A Dark Elegy for a Postmodern World





Have a Nice Life is a celebrated name in the circles of underground rock. Founded by Dan Barrett and Tim Macuga in 2000, the band has experimented in a multitude of genres such as post-rock, drone, post-punk, and various kinds of Gothic music.

Have a Nice Life's cult following has been steadily growing since 2008 when their 90 minute album Deathconsciousness was released and slowly started to get attention. Deathconsciousness is composed of 13 unforgivingly dark songs with violently distorted vocals and instruments, some of which are given rather unassuming and mellow song titles that contrast the depressing music they are assigned to (for instance "Waiting for Black Metal Records to come in the Mail").

One title that sticks out because of its explicit wording: "Holy F*****g S***: 40,000"
Judging by the title one could assume the track that accompanies this vulgar title would be loud and angry, but the lyrics are somber and explain what it's like to live in a postmodern world where people are all conscious of how little a human really matters anymore.

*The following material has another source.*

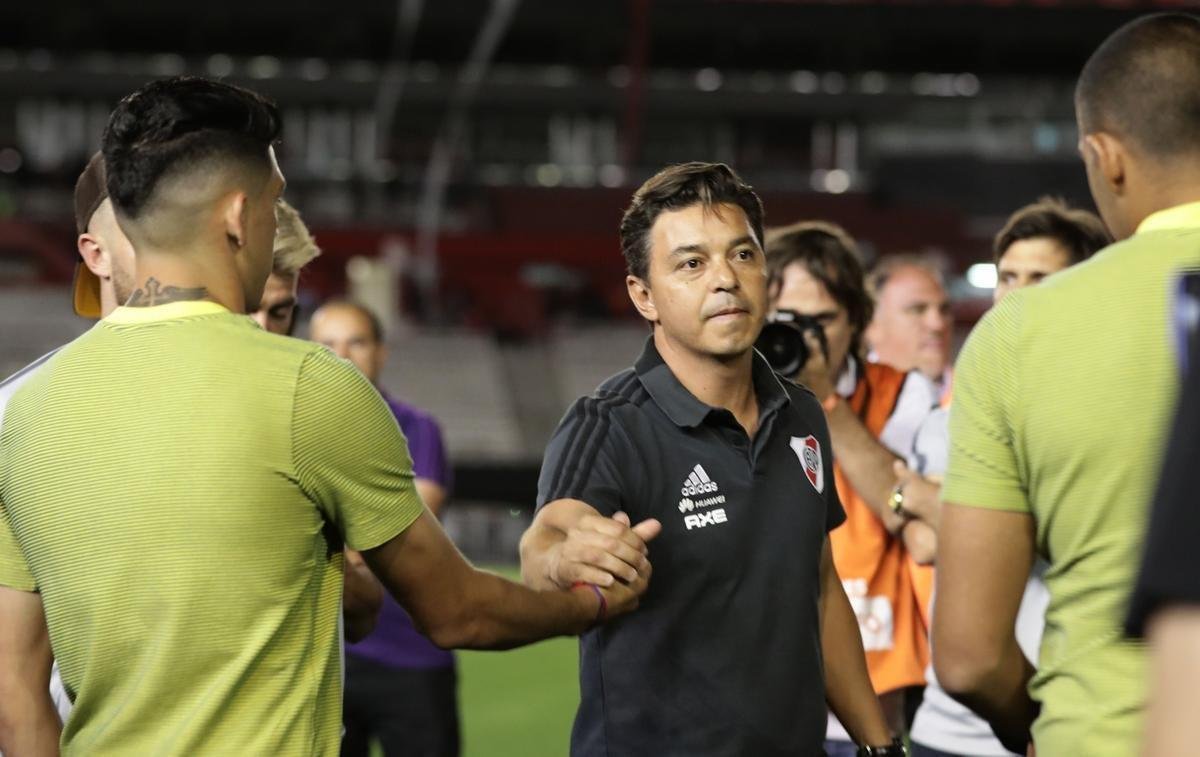 Depois do adiamento da final da Libertadores, jogadores de River Plate e Boca Juniors estiveram no gramado do Monumental de Nez e trocaram algumas palavras amistosas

The song begins with a simple 8bit synth pattern and soon becomes layered with acoustic guitar and distorted reverberated vocals that sing "Everything you do has been planned out in advance. The dark stars push their own will down on you." The meaning of each line is open to interpretation due to its vague nature, but I understand this to mean that as of this point in time, humans no longer have free will because a higher power, possibly the people controlling society and media, dictates what each person must do. It continues with "And wolves all tear themselves apart better in packs. That's just a function we will have to work on through." I interpret this to mean people separate into predefined groups and there is nothing we can do at this point to get rid of this structure.

Tim's cynicism becomes more tangible as the song continues. "We're machines that eat and breathe and look really cool," he says. "Send me back in time and I'll bring us back in line. Just tell me whose mother I have to kill." Humans are no longer people to the vocalist, just a bunch of parts that work but nothing more. Have a Nice Life says that people essentially don't matter anymore; people are confined to a system that ensures that their image and compliance matter more than their actual existence. Tim and Dan don't know when or how it happened but there is no escaping it now, other than death. This is implied by the number 40,000 in the title, a reference to the number of suicides per year in the United States.

Whether the track's dark sound and lyricism interest you or not, it is still a unique example of postmodernist thinking in music.